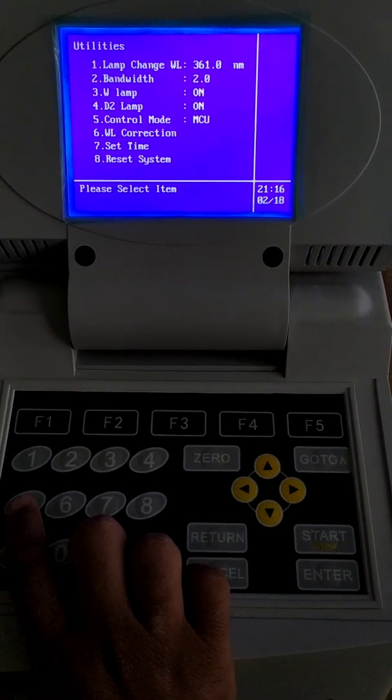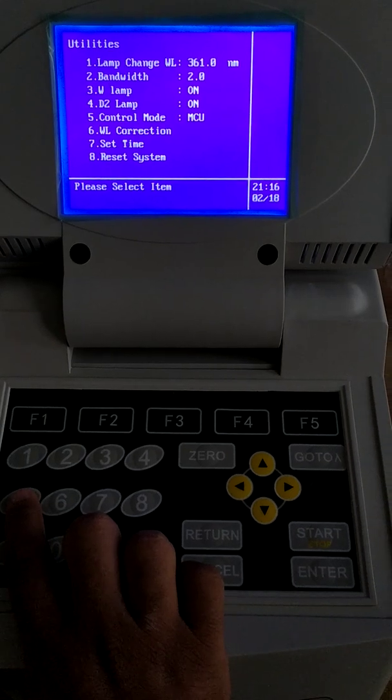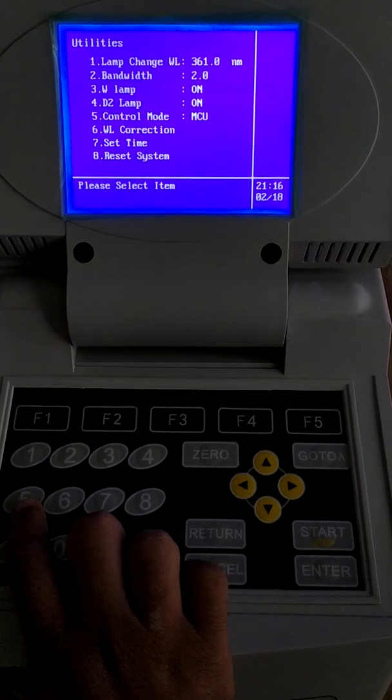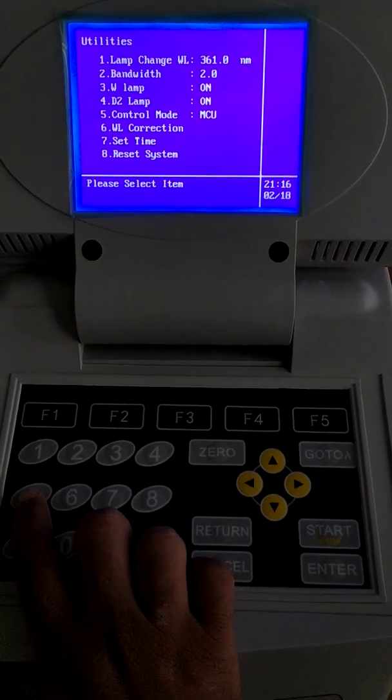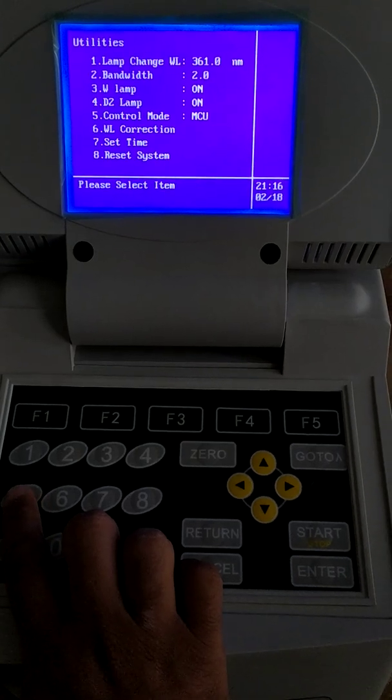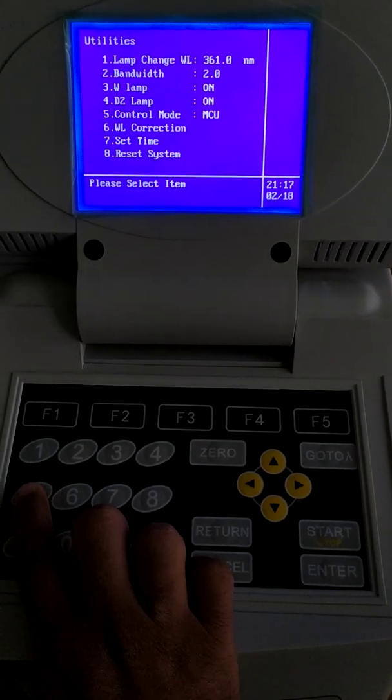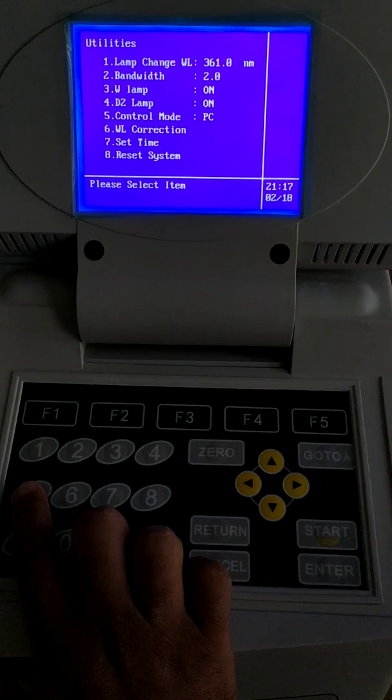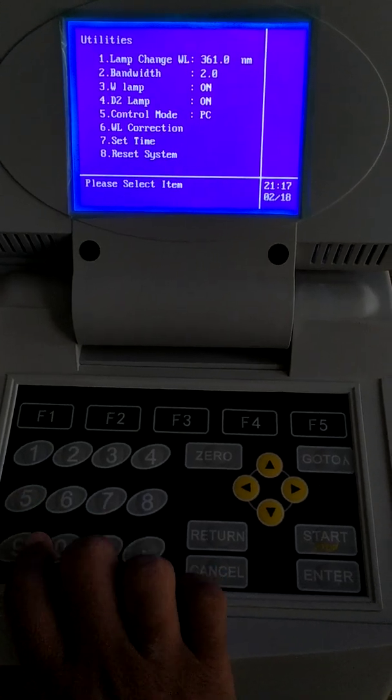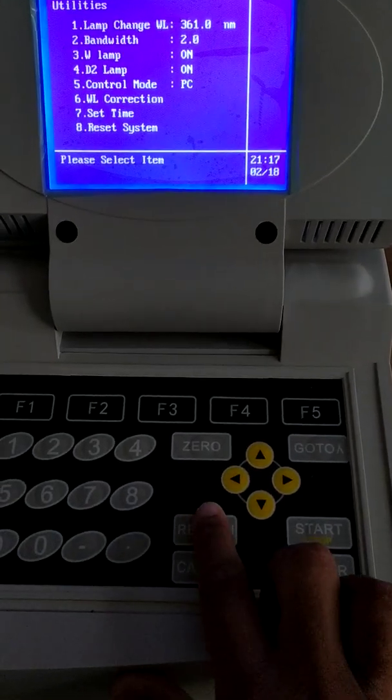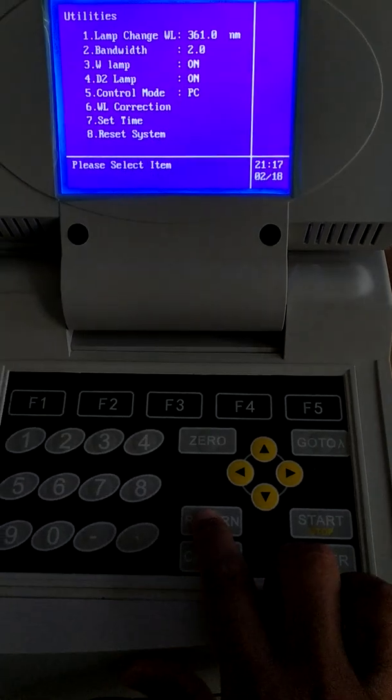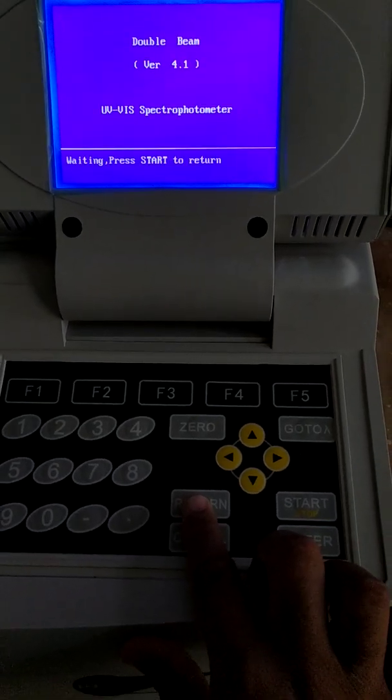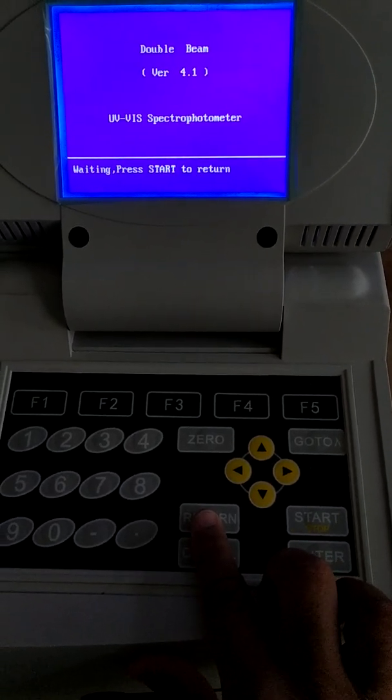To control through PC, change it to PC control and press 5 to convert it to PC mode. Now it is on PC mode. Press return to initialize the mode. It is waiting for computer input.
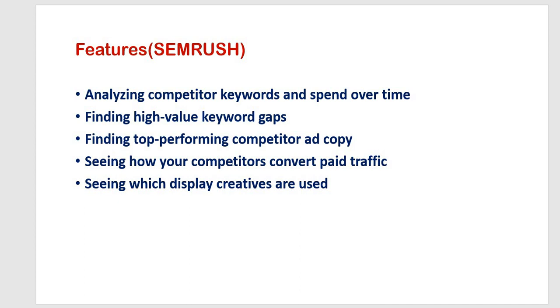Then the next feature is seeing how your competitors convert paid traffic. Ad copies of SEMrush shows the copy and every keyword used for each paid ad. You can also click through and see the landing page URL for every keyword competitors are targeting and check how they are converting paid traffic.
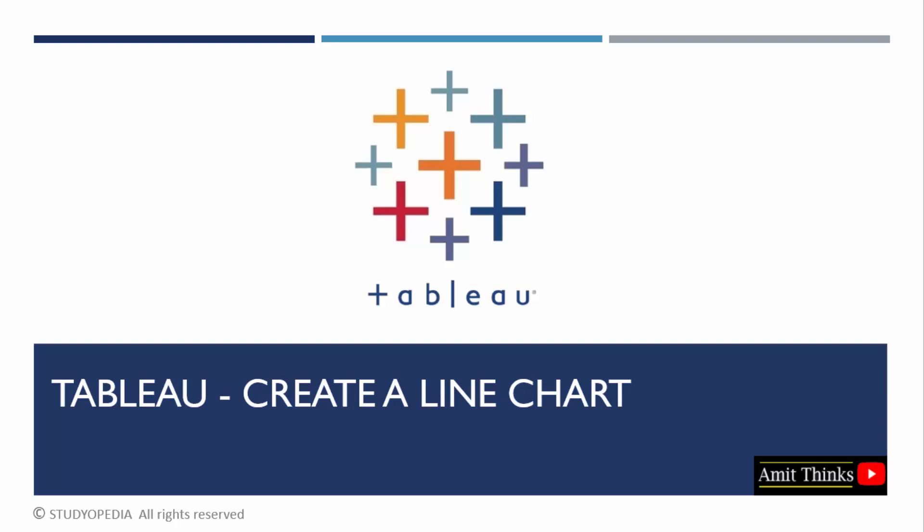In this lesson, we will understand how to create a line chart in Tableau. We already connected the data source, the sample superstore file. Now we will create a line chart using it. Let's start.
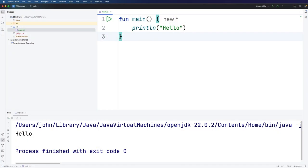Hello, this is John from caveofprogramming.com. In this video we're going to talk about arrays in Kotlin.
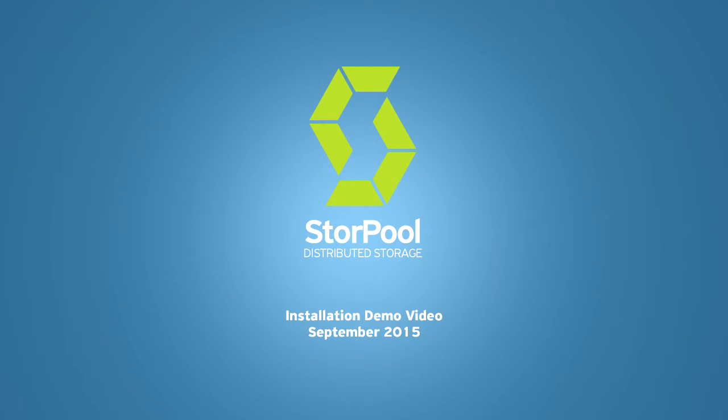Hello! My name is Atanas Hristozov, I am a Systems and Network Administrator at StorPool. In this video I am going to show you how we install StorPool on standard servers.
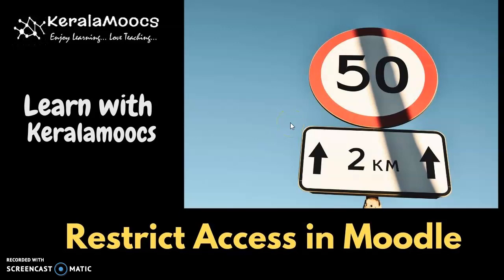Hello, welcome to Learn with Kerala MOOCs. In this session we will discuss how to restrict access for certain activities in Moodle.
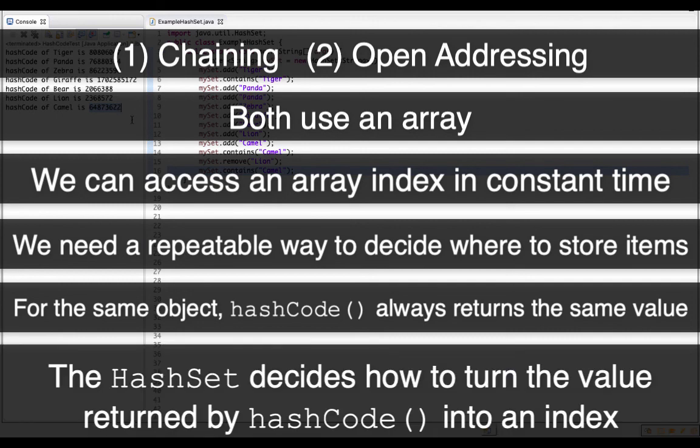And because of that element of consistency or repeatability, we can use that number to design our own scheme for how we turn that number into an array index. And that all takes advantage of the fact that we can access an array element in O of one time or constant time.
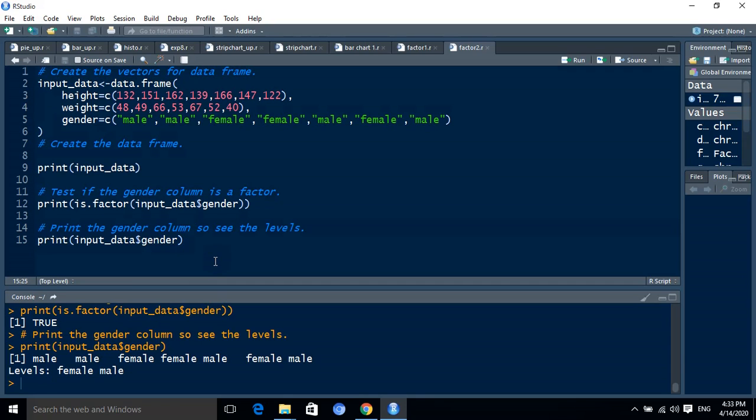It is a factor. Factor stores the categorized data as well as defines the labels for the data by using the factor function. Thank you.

(What to produce): What you return must match, character for character, the lines above from the one with "Then the next" through the one with "Hello, this is", minus any pictures.

(Your response):
Then the next feature is seeing how your competitors convert paid traffic. Ad copies of SEMrush shows the copy and every keyword used for each paid ad. You can also click through and see the landing page URL for every keyword competitors are targeting and check how they are converting paid traffic.
In this lesson, we will understand how to create a line chart in Tableau. We already connected the data source, the sample superstore file. Now we will create a line chart using it. Let's start.
Hello, this is John from caveofprogramming.com. In this video we're going to talk about arrays in Kotlin.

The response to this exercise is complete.